Action item ::
Your response should consist of the lines below, printed exactly.

Material for the task ::

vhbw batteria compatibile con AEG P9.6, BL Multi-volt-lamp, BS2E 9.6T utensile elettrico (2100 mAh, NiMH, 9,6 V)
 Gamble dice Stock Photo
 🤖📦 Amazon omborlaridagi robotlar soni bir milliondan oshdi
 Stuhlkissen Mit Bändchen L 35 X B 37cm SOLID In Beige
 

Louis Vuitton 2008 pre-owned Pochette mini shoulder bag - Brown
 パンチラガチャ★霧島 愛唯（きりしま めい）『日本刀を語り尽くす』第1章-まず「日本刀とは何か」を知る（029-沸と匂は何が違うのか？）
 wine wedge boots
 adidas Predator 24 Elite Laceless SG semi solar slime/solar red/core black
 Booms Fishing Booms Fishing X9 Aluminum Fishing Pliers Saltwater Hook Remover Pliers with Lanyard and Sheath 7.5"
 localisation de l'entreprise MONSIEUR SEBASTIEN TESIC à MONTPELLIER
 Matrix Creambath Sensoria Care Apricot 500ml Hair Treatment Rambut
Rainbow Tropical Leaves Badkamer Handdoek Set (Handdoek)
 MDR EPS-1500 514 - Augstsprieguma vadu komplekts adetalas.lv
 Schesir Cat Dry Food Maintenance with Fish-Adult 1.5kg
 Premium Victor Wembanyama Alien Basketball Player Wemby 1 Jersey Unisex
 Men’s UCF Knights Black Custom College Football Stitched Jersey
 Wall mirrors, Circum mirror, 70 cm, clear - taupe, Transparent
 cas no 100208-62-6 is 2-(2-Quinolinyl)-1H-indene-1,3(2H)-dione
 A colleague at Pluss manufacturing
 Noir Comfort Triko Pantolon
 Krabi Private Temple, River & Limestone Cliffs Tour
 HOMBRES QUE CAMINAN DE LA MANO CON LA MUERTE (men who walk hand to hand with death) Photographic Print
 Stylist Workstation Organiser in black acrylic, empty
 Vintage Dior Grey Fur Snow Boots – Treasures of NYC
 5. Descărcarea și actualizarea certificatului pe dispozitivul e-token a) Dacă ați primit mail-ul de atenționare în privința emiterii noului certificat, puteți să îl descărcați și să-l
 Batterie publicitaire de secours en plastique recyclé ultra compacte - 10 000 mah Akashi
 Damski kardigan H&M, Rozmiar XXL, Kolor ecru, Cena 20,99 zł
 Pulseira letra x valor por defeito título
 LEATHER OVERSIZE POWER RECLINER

Answer to the exercise ::
vhbw batteria compatibile con AEG P9.6, BL Multi-volt-lamp, BS2E 9.6T utensile elettrico (2100 mAh, NiMH, 9,6 V)
 Gamble dice Stock Photo
 🤖📦 Amazon omborlaridagi robotlar soni bir milliondan oshdi
 Stuhlkissen Mit Bändchen L 35 X B 37cm SOLID In Beige
 

Louis Vuitton 2008 pre-owned Pochette mini shoulder bag - Brown
 パンチラガチャ★霧島 愛唯（きりしま めい）『日本刀を語り尽くす』第1章-まず「日本刀とは何か」を知る（029-沸と匂は何が違うのか？）
 wine wedge boots
 adidas Predator 24 Elite Laceless SG semi solar slime/solar red/core black
 Booms Fishing Booms Fishing X9 Aluminum Fishing Pliers Saltwater Hook Remover Pliers with Lanyard and Sheath 7.5"
 localisation de l'entreprise MONSIEUR SEBASTIEN TESIC à MONTPELLIER
 Matrix Creambath Sensoria Care Apricot 500ml Hair Treatment Rambut
Rainbow Tropical Leaves Badkamer Handdoek Set (Handdoek)
 MDR EPS-1500 514 - Augstsprieguma vadu komplekts adetalas.lv
 Schesir Cat Dry Food Maintenance with Fish-Adult 1.5kg
 Premium Victor Wembanyama Alien Basketball Player Wemby 1 Jersey Unisex
 Men’s UCF Knights Black Custom College Football Stitched Jersey
 Wall mirrors, Circum mirror, 70 cm, clear - taupe, Transparent
 cas no 100208-62-6 is 2-(2-Quinolinyl)-1H-indene-1,3(2H)-dione
 A colleague at Pluss manufacturing
 Noir Comfort Triko Pantolon
 Krabi Private Temple, River & Limestone Cliffs Tour
 HOMBRES QUE CAMINAN DE LA MANO CON LA MUERTE (men who walk hand to hand with death) Photographic Print
 Stylist Workstation Organiser in black acrylic, empty
 Vintage Dior Grey Fur Snow Boots – Treasures of NYC
 5. Descărcarea și actualizarea certificatului pe dispozitivul e-token a) Dacă ați primit mail-ul de atenționare în privința emiterii noului certificat, puteți să îl descărcați și să-l
 Batterie publicitaire de secours en plastique recyclé ultra compacte - 10 000 mah Akashi
 Damski kardigan H&M, Rozmiar XXL, Kolor ecru, Cena 20,99 zł
 Pulseira letra x valor por defeito título
 LEATHER OVERSIZE POWER RECLINER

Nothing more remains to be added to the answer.